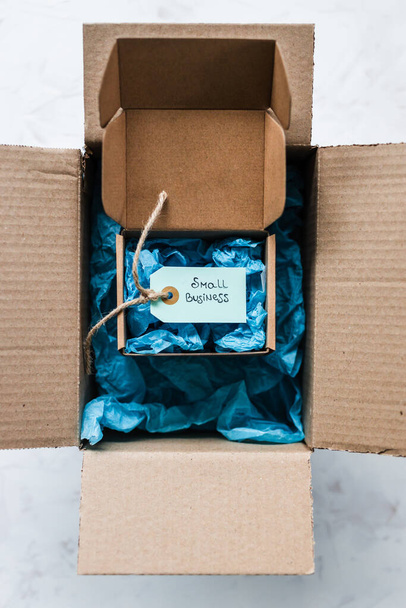 product tag with small business text inside ofsmaller delivery parcel inside of a bigger parcel, concept of customer behaviour and supporting small local businesses - 写真・画像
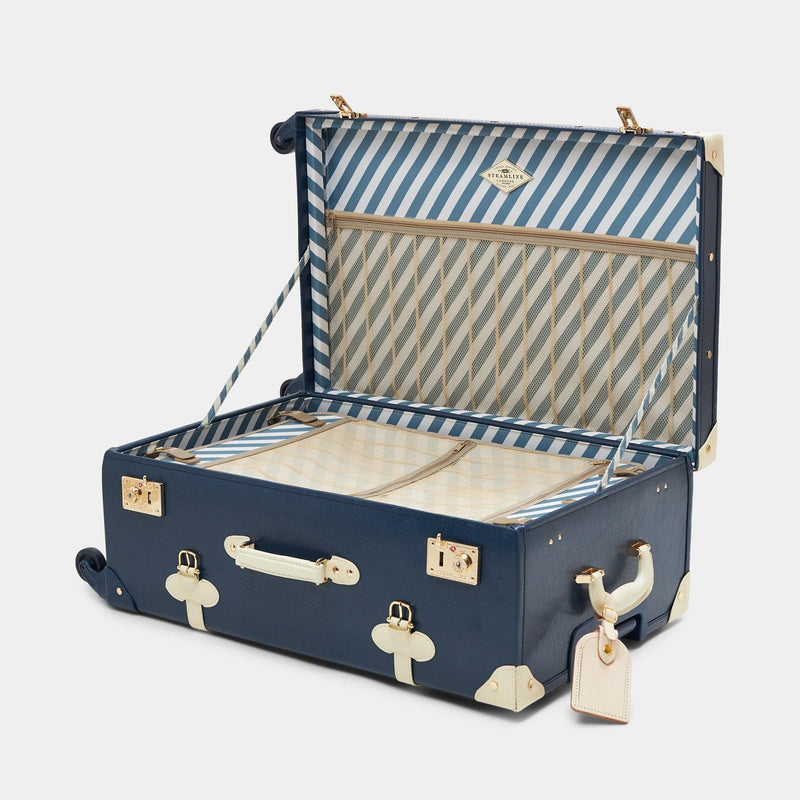 Open product view of the check-in spinner Entrepreneur vegan leather suitcase in navy with blue-white print lining and white vegan leather luggage tag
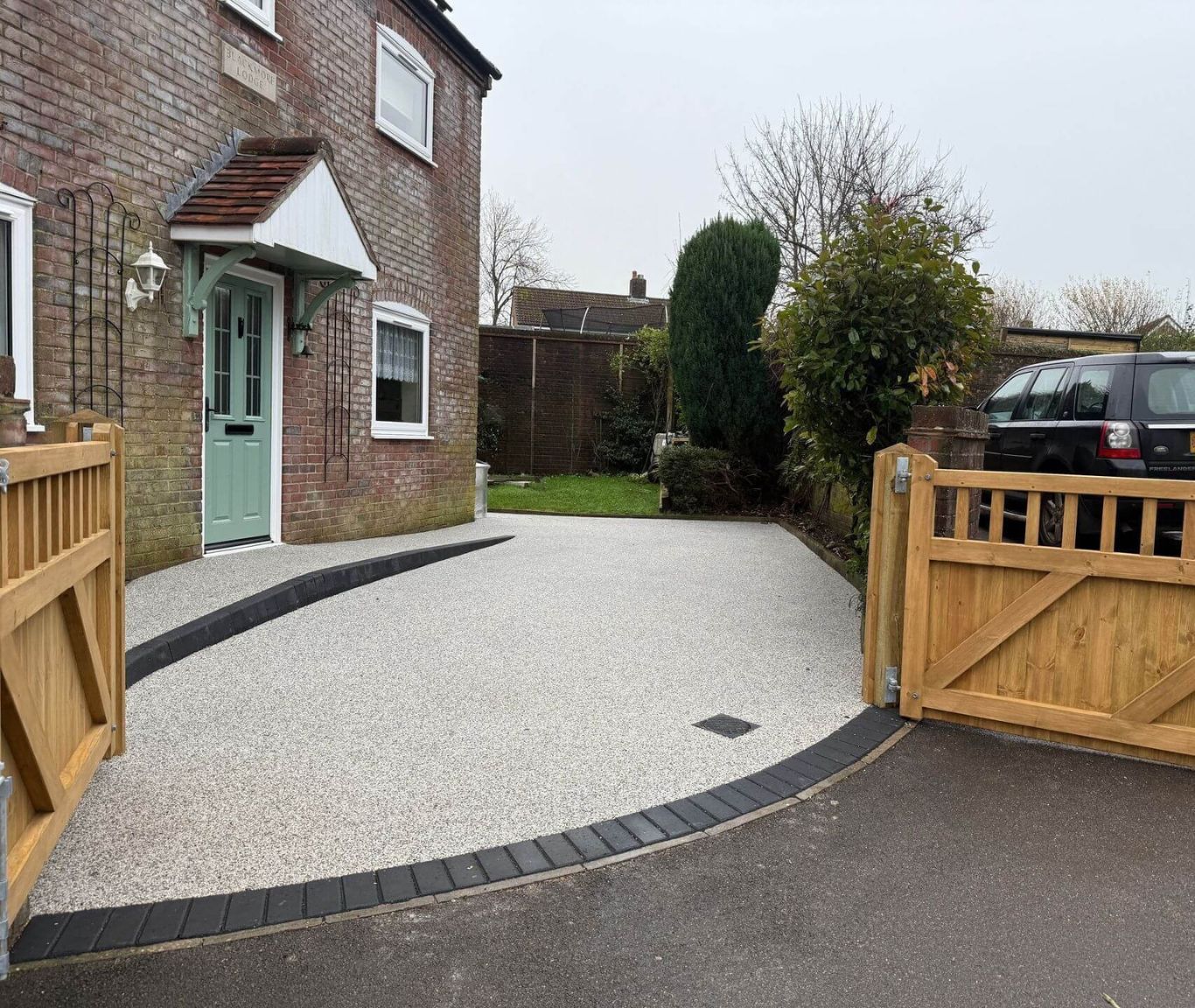 A car is parked in front of a house with a wooden gate.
★ ★ ★ ★ ★
EXERCISE
Print the data once more without any change, skipping each picture.

ANSWER TO THE PROBLEM
 product tag with small business text inside ofsmaller delivery parcel inside of a bigger parcel, concept of customer behaviour and supporting small local businesses - 写真・画像
 Open product view of the check-in spinner Entrepreneur vegan leather suitcase in navy with blue-white print lining and white vegan leather luggage tag
 A car is parked in front of a house with a wooden gate.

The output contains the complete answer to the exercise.